### WORK TO COMPLETE:
Transcribe exactly, and only, the lines running from the one with "Montane Phase Lite" to the end of the entries below, both included, without any pictures.

### RECORDS PROVIDED:
========

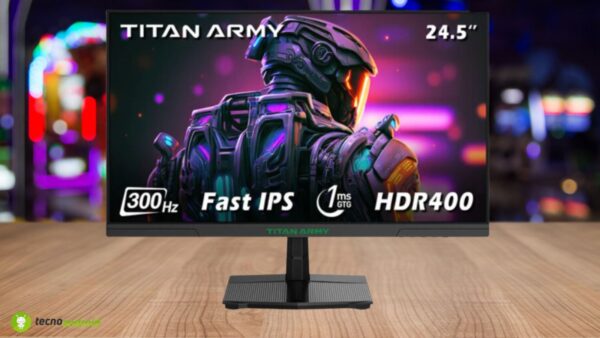 Titan Army P2510HS: monitor da gaming da 24,5 pollici a 300Hz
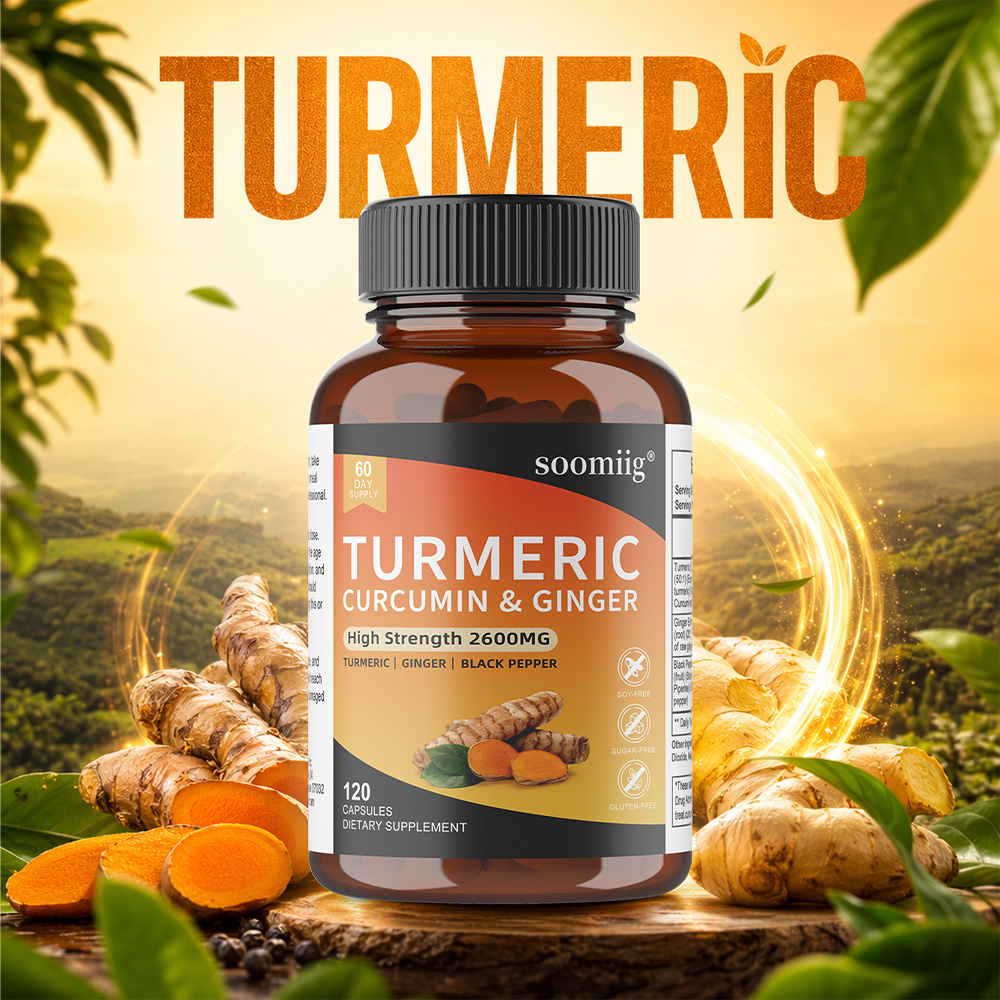 ウコンクルクミンカプセル（生姜と黒胡椒配合）、関節の快適さ、 - Turmeric Curcumin Capsule のレビューと価格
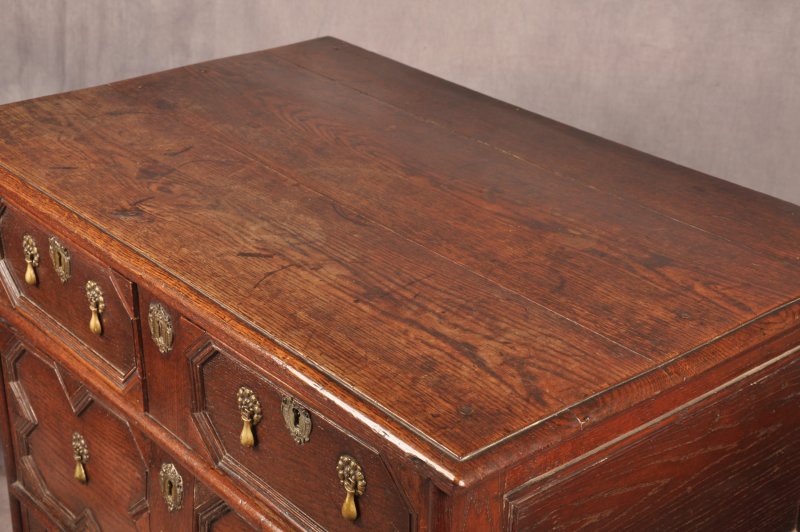 Charles II Oak Chest Of Drawers - Image 15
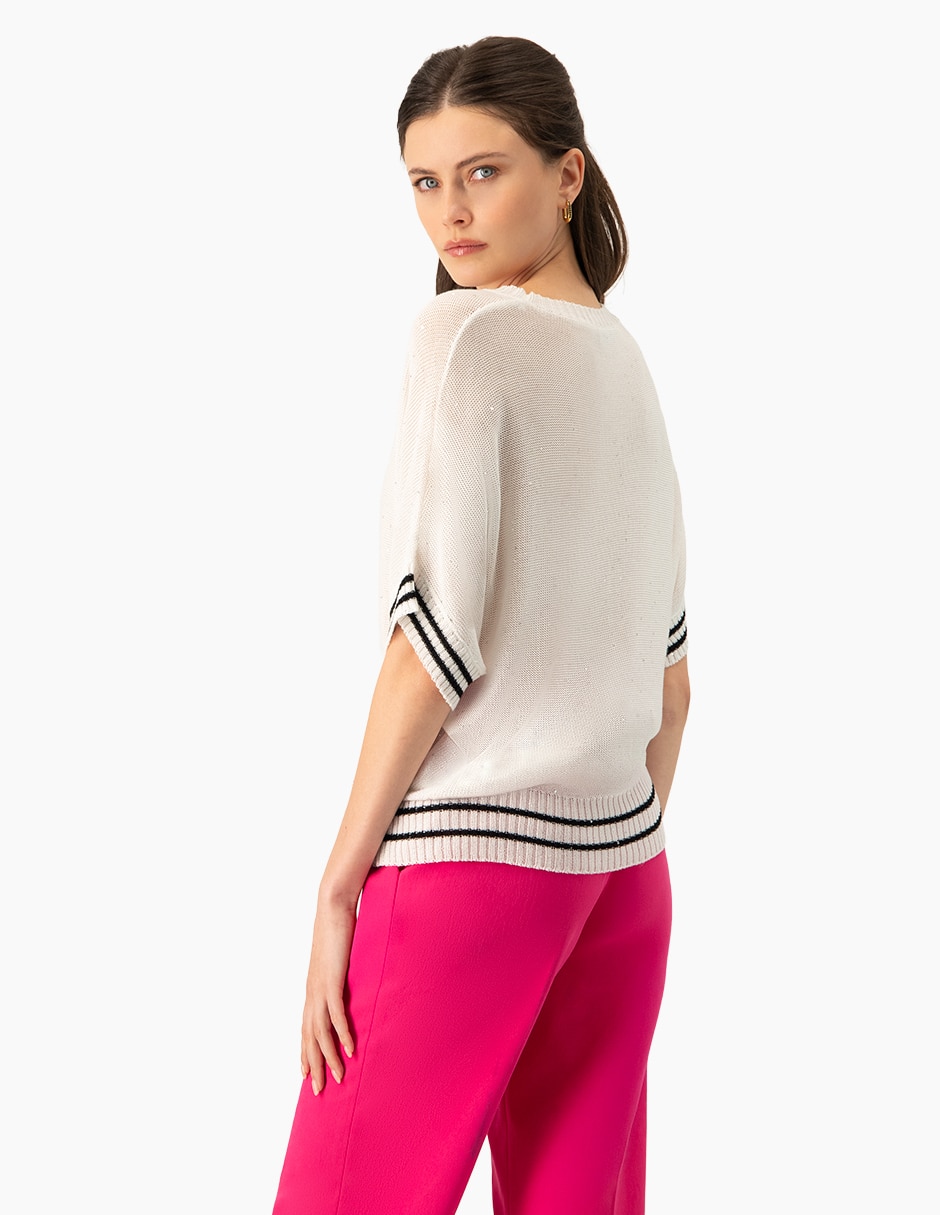 Blusa manga al codo para mujer 2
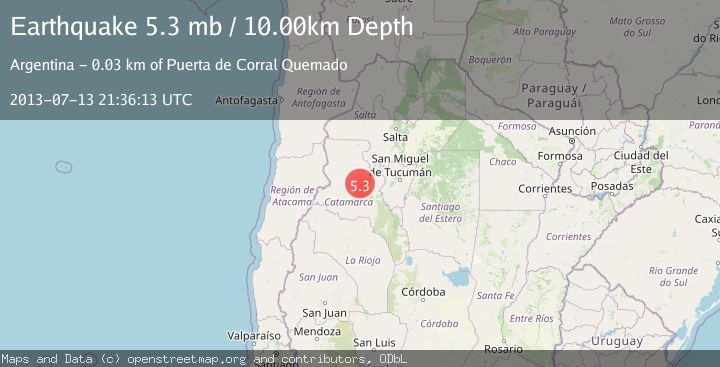 Map of CATAMARCA, ARGENTINA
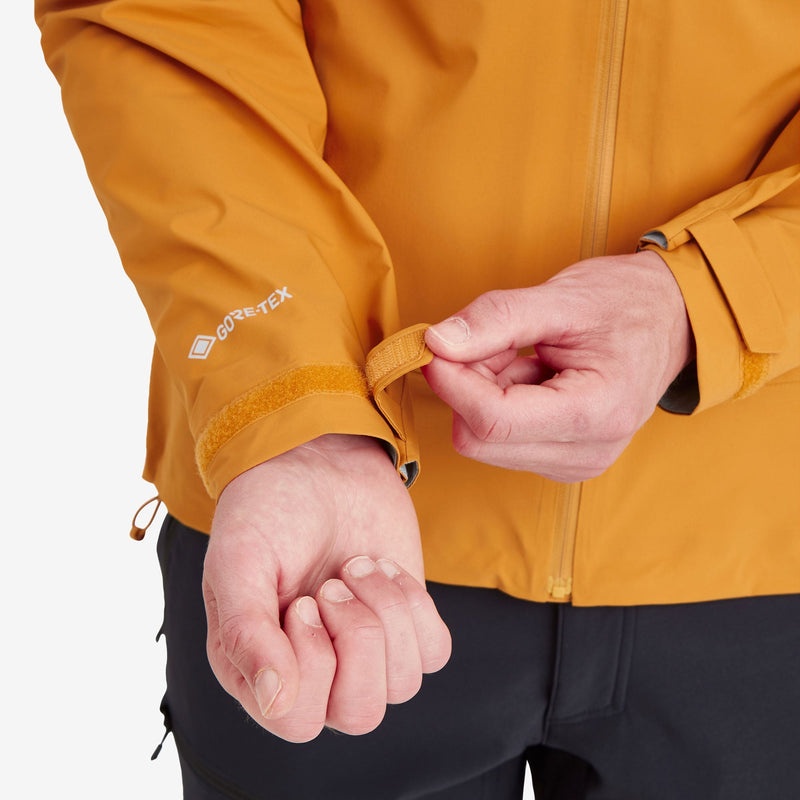 Montane Phase Lite Regnjacka Herr Orange | YEFNIX928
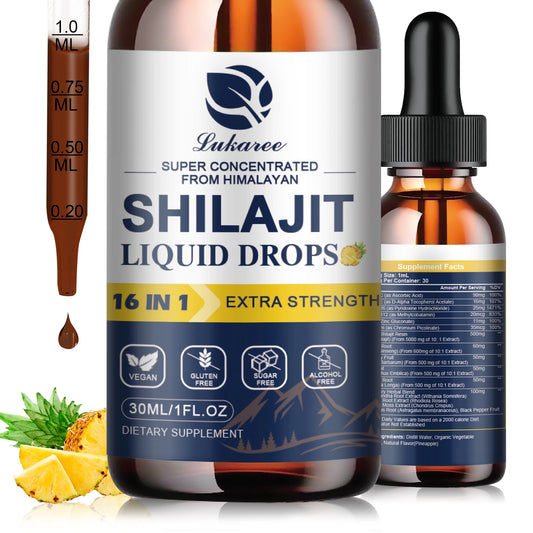 Beworths Shilajit Drops With 85 Minerals And Fulvic Acid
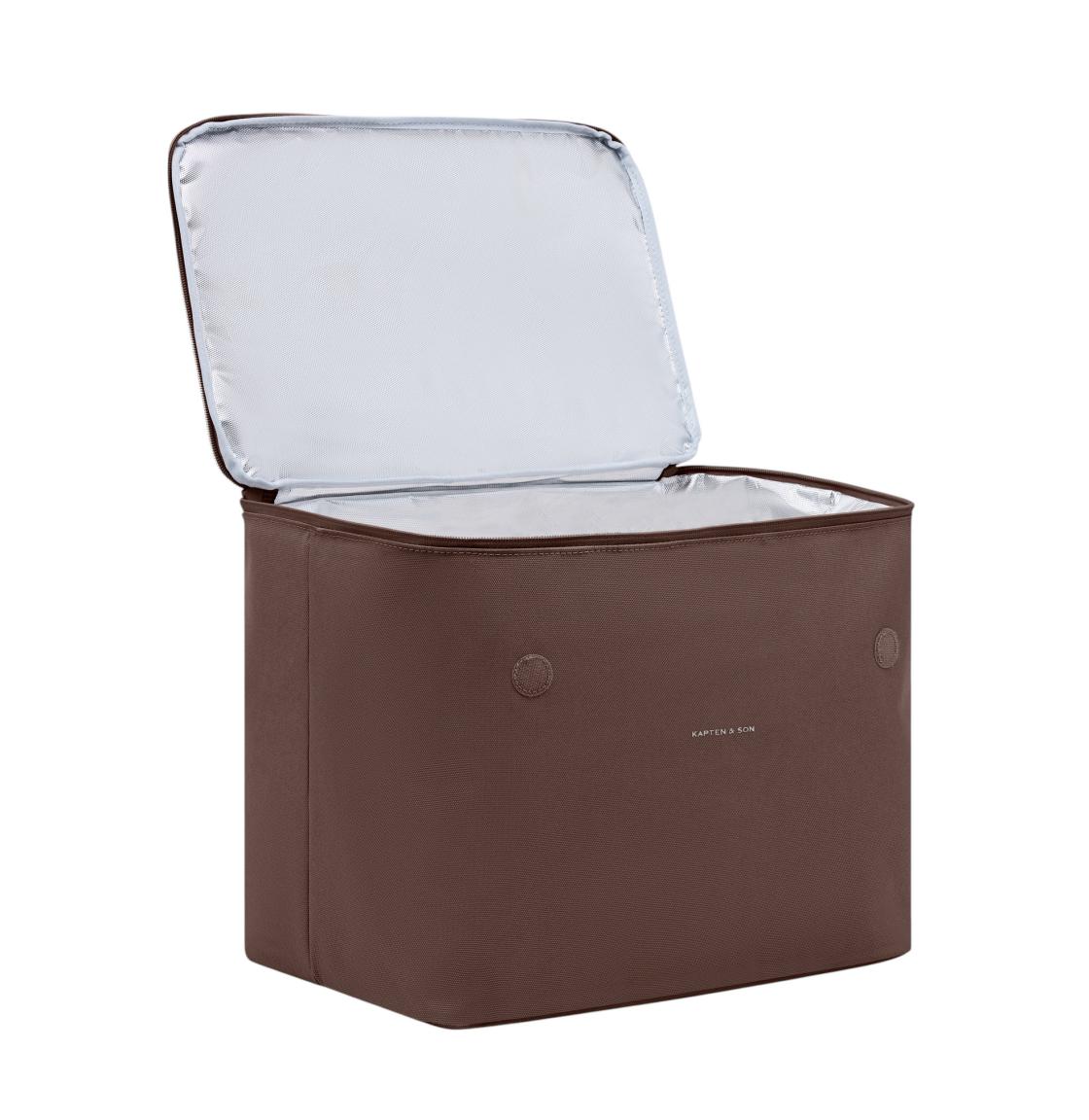 Kapten & Son Cube Large Kühltasche Chocolate Brown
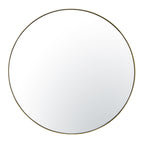 Tablet 40-in Round Wall Mirror - Gold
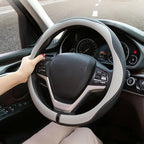 Leather Car Steering Wheel Cover Universal Steering Wheel Covers Car Accessories Interior Non-slip Steering Wheel Grip O/D Type CM World
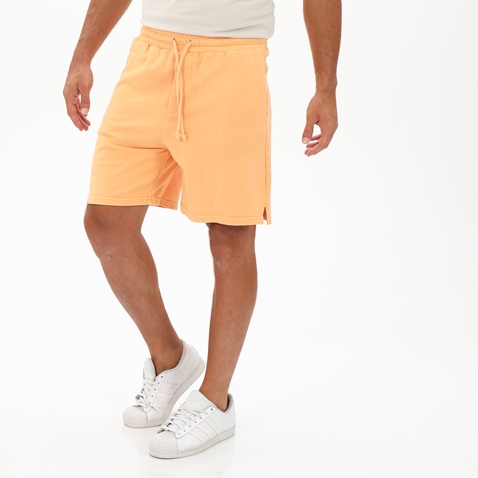 DIRTY LAUNDRY-Ανδρική sport βερμούδα DIRTY LAUNDRY DLMSB000011 OVERSIZED πορτοκαλί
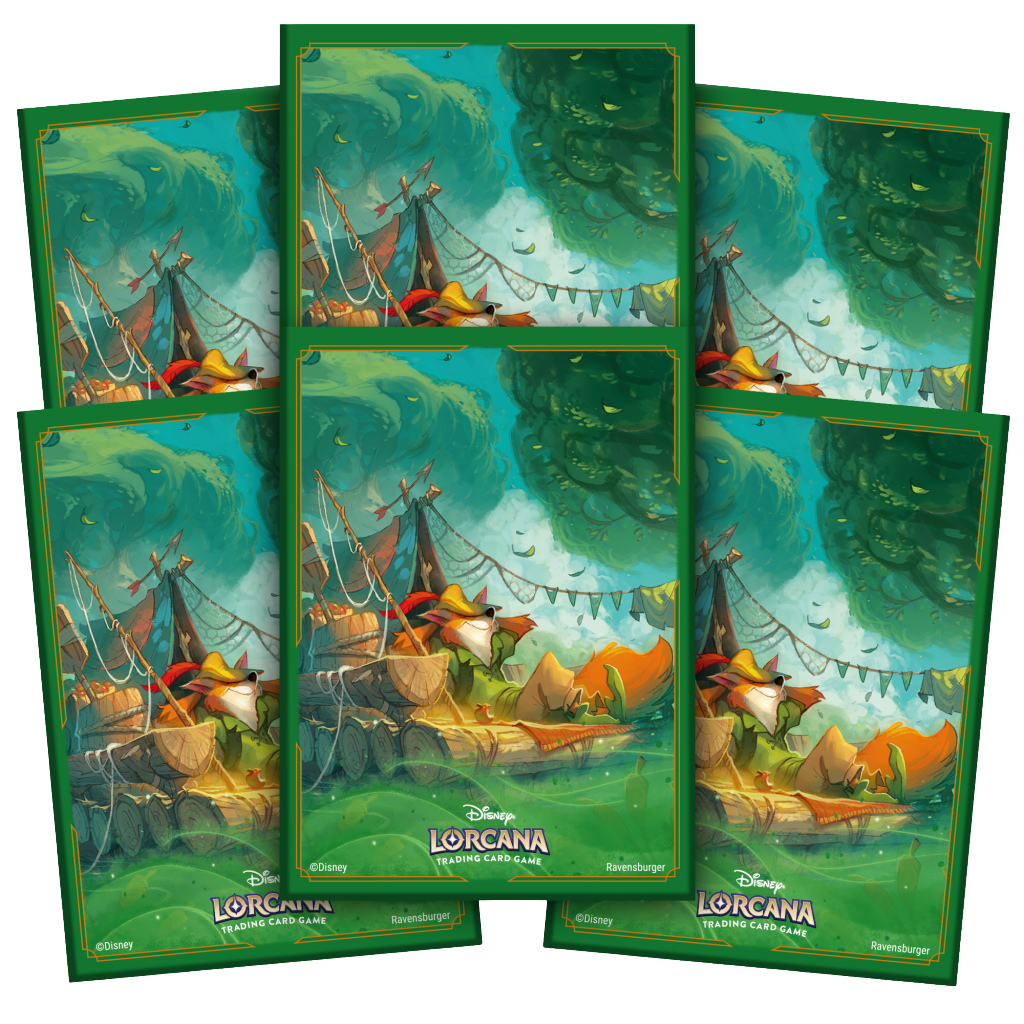Disney Lorcana TCG - Card Sleeves Robin Hood - Daydreamer (65)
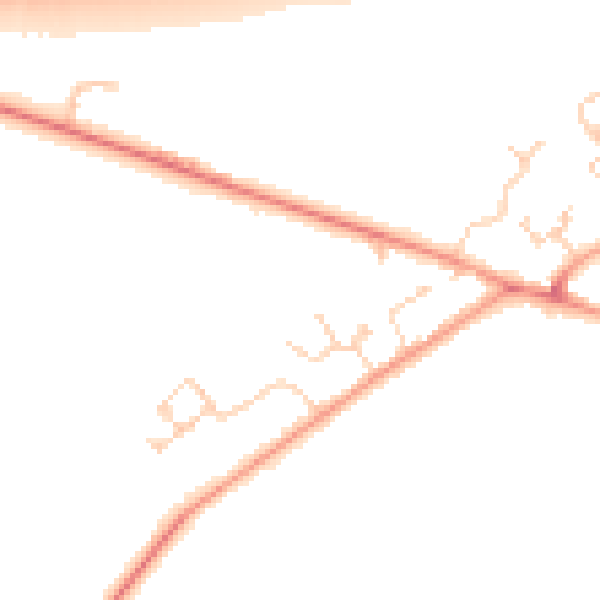 Daytime road noise heatmap for HP22 0AW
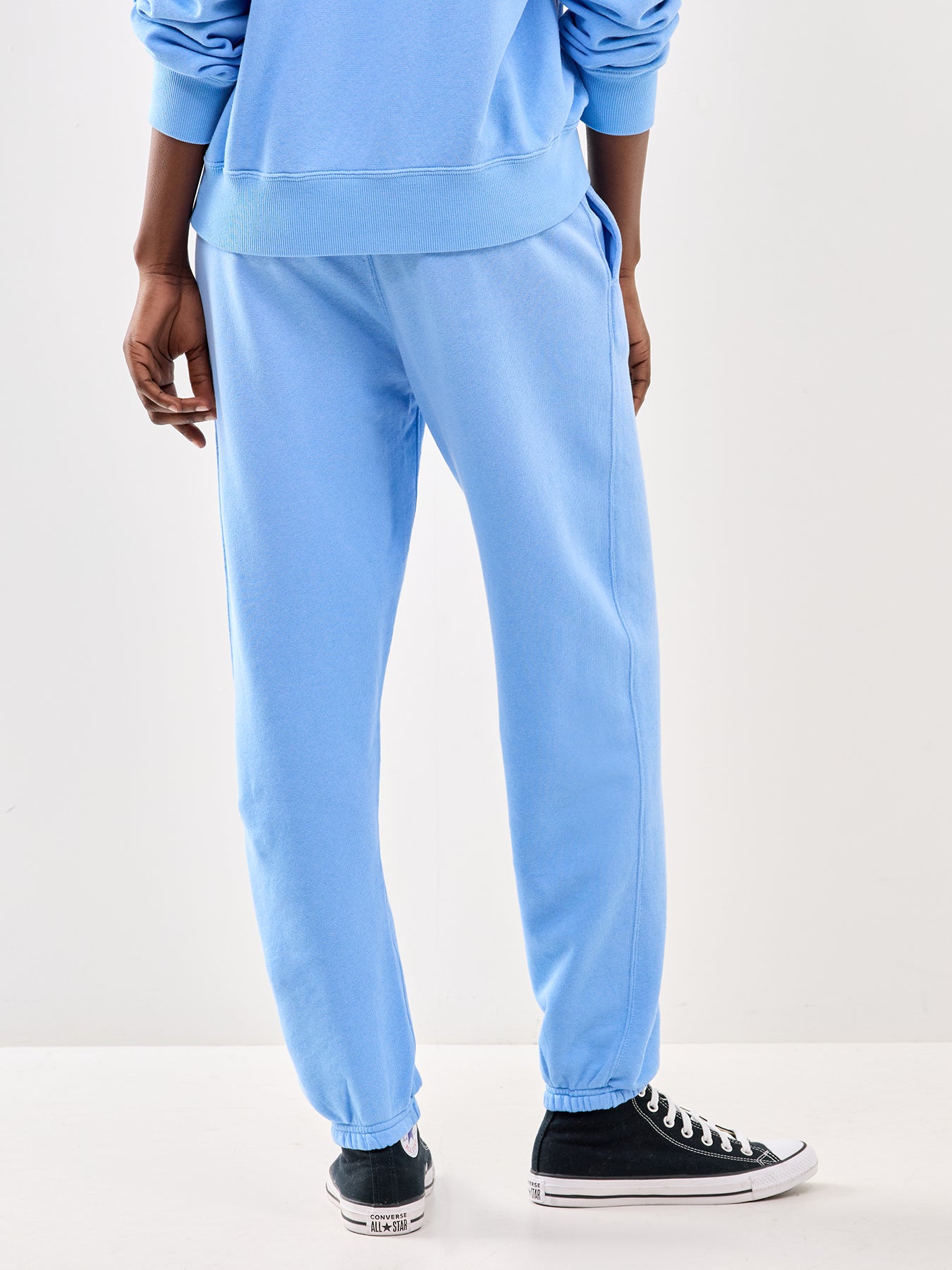Knit Jogger Pants Blue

========

### ANSWER TO THIS PROBLEM:
 Montane Phase Lite Regnjacka Herr Orange | YEFNIX928
 Beworths Shilajit Drops With 85 Minerals And Fulvic Acid
 Kapten & Son Cube Large Kühltasche Chocolate Brown
 Tablet 40-in Round Wall Mirror - Gold
 Leather Car Steering Wheel Cover Universal Steering Wheel Covers Car Accessories Interior Non-slip Steering Wheel Grip O/D Type CM World
 DIRTY LAUNDRY-Ανδρική sport βερμούδα DIRTY LAUNDRY DLMSB000011 OVERSIZED πορτοκαλί
Disney Lorcana TCG - Card Sleeves Robin Hood - Daydreamer (65)
 Daytime road noise heatmap for HP22 0AW
Knit Jogger Pants Blue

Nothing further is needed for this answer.